Dynamiser les classiques
Ses classiques, Éric Gonzalez, chef de l’Auberge Saint-Gabriel (426, rue Saint-Gabriel, Montréal, 514 878-3561, aubergesaint-gabriel.com) les connaît bien. Ce qui ne l’empêche pas d’être considéré comme très innovateur par ses pairs. «Je crois que les cuisiniers que nous sommes sont les gardiens d’un patrimoine extraordinaire bâti à travers les années, les rencontres, les expériences. Il ne faut donc pas bafouer cet héritage, car ce sont nos fondations.» Le chef y greffe la notion d’expérience personnelle, que selon lui les jeunes ont tendance à oublier: «Les jeunes voient ce qui se fait et voudraient immédiatement faire la même chose, plutôt que d’apprendre étape par étape comment y parvenir. Ils agissent un peu comme s’ils achetaient une moto, mais qu’ils ne savaient pas se servir d’un vélo. Or, l’art de la cuisine s’acquiert. Et ce n’est qu’une fois acquis qu’il permet de s’en libérer, de trouver sa propre signature sans avoir à copier quelqu’un d’autre ou une tendance. Depuis quelques années, par exemple, la cuisine du Noma est reprise un peu partout, mais a-t-on pensé à l’amener ailleurs?» Une démarche réflexive qu’Éric Gonzalez réalise quotidiennement en dynamisant des classiques comme le chocolat liégeois (devenu salé et viandé entre ses mains) ou les œufs à la neige (voir recette dans cette édition). «J’ai pour habitude de disséquer un classique, afin d’en garder les éléments ou l’esprit tout en l’emmenant ailleurs grâce à des technologies modernes. Il n’est pas question ici d’utiliser de l’azote liquide pour changer un plat. Pour mes îles flottantes réinterprétées, je me suis basé sur la recette originale qui contient de la crème anglaise, des pralines, des blancs d’œufs montés en neige avec du sucre, ainsi que du caramel. Mais j’ai souhaité accentuer les textures en réalisant une sphère dont un côté est fait de caramel coulant et dont l’autre de crémeux au caramel, le tout enveloppé dans une croquandine et baignant dans de la crème anglaise.»

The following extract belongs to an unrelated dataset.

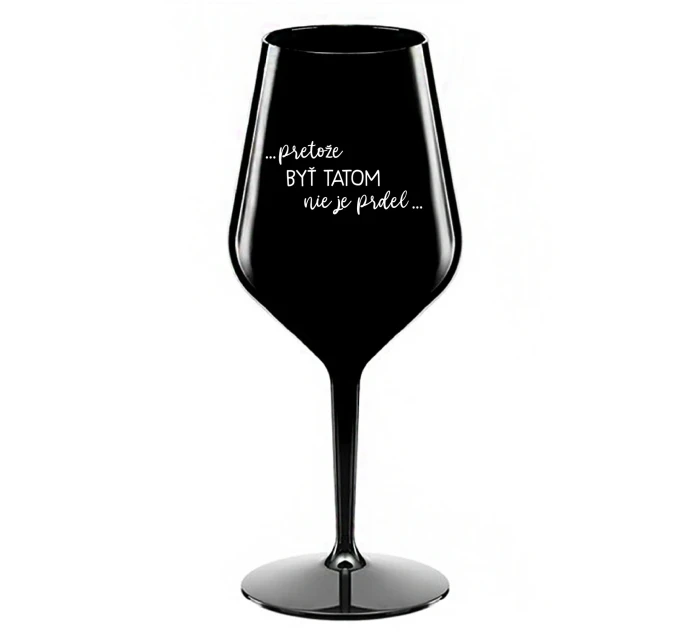 ...PRETOŽE BYŤ TATOM NIE JE PRDEL... - čierny nerozbitný pohár na víno 470 ml ...PRETOŽE BYŤ TATOM NIE JE PRDEL... - čierny nerozbitný pohár na víno 470 ml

Que faut-il finalement retenir de ces trois différents points de vue? Que les classiques sont incontournables lorsqu’on veut maîtriser l’art de la cuisine. Que chaque personne peut avoir sa propre compréhension des classiques et les interpréter à sa manière, une fois qu’elle en connaît les bases. Et enfin, ajoute Christian Faure, «qu’il n’y a pas de cuisine foncièrement classique ou moderne, mais une cuisine bonne ou mauvaise.»